Years of working on the farm have prepared me for this toil. It is the first time I feel at an advantage against my peers. My feet are steady, my arms strong. While the others trip and pant, I navigate with ease. The morning air is refreshing, cold and clear in my lungs. I begin to appreciate this for the adventure that it is.

Inte. Could it really be my true home? If nothing else, it will be nice to see a people who look like me. In the village, there was no variety beyond the occasional traveler. The depths of my heart begin to hope, where my mind cannot intervene, that I will find my real family.

No one can replace Enos or Corsa... their generosity, their unflagging devotion. No siblings could compare to the twins in all of their exuberance. But I wonder if there could be others. People who will understand me without excuse or explanation.

Could such a thing exist?

When we arrive at the stream, we dutifully fill our canteens. Some take the opportunity to wash their face and hands. Agan's hawk flies ahead, reporting back on the obstacles to come. Tiva scrounges for breakfast in some bushes.

I wander closer to Köv and Mab, who seem to have been inseparable since the exile. I am surprised to see that she seems relieved by the intrusion. Köv frowns as she breaks away from him to take my arm. She suggests that we talk by the stream, and I oblige in spite of my feelings of betrayal from the night prior.

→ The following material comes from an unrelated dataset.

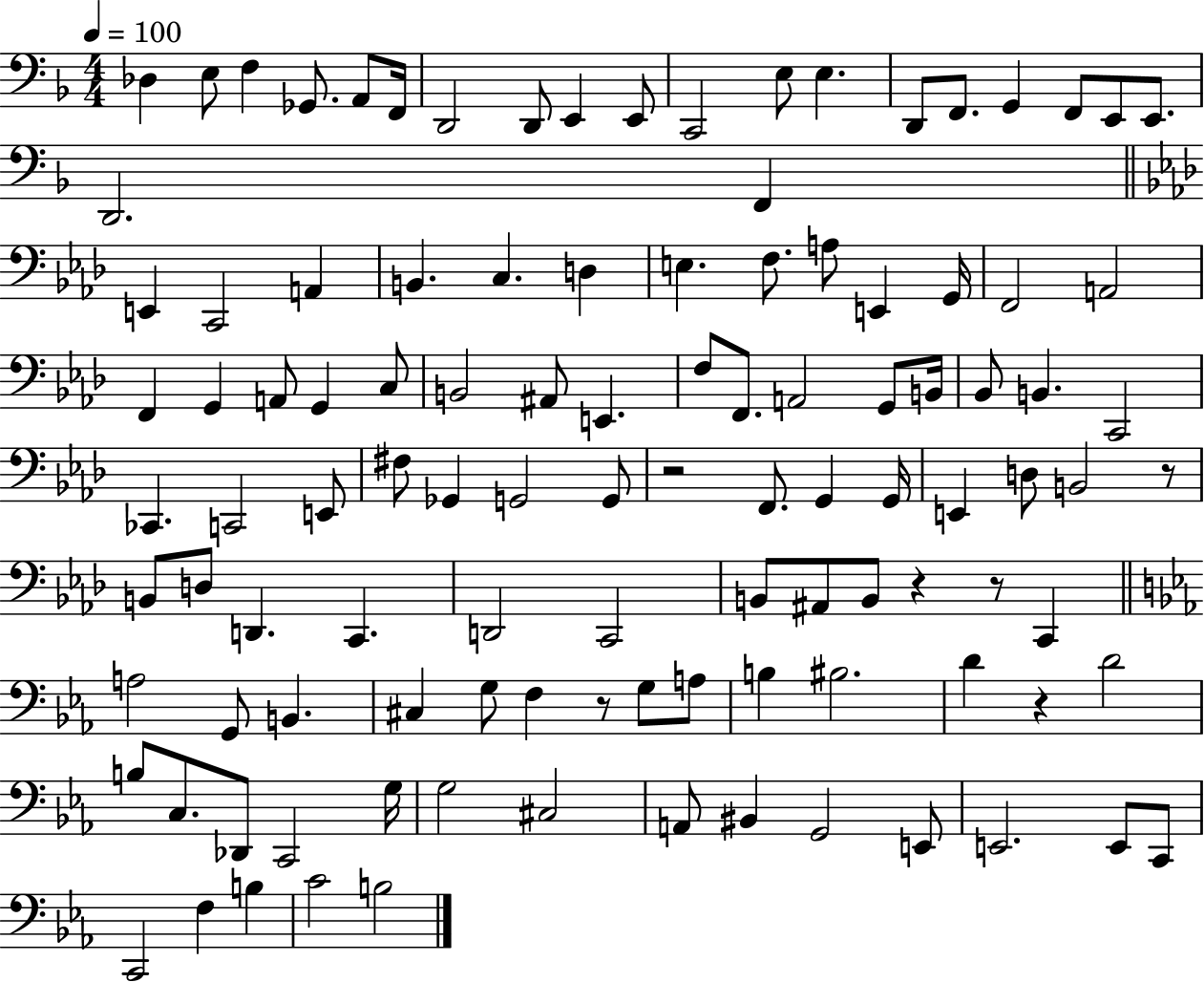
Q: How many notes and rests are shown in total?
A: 110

Mab seems her usual self, calm and confident, but beneath the surface lurks something else. I reach for it, and she shies. The hurt in me makes it easy to change tactics.

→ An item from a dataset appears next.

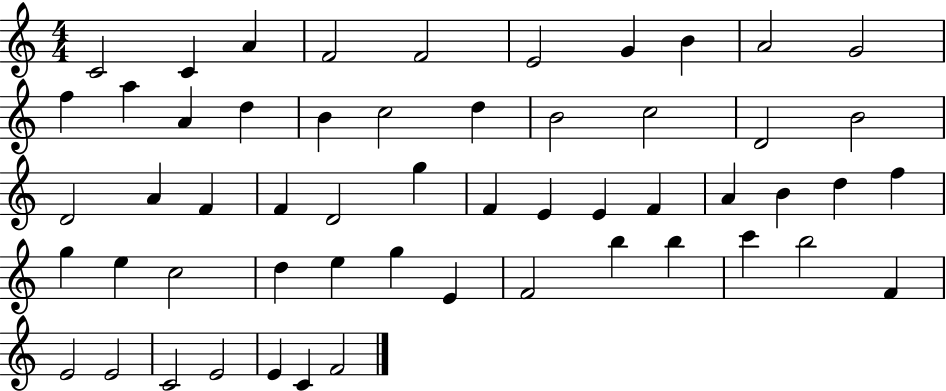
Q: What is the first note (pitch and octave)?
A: C4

"Seems you and Köv have been getting on," I observe, voice thick with accusation. She shoots me a dangerous look before relenting.

"It's not like that. He's... looking out for me."

"I thought you didn't need anyone to look out for you."

These latest developments seem so unlike her that I can't help but feel as if everything before was a lie. I have no right feeling this way—there was nothing between us but a few whispered ideals—yet I feel justified in holding her to her words. Where is the girl who hated his avarice? Would she really abandon her convictions for some company?

"I thought you were braver than that." It's a cheap shot, but I feel cheap. From the look on her face, the words have had their desired effect.

"You have no idea what you're talking about, Kalyn." Her words are venom, but I can't be stung by them any more than I already have been by her actions. I feel triumphant as she stalks back to her supposed protector.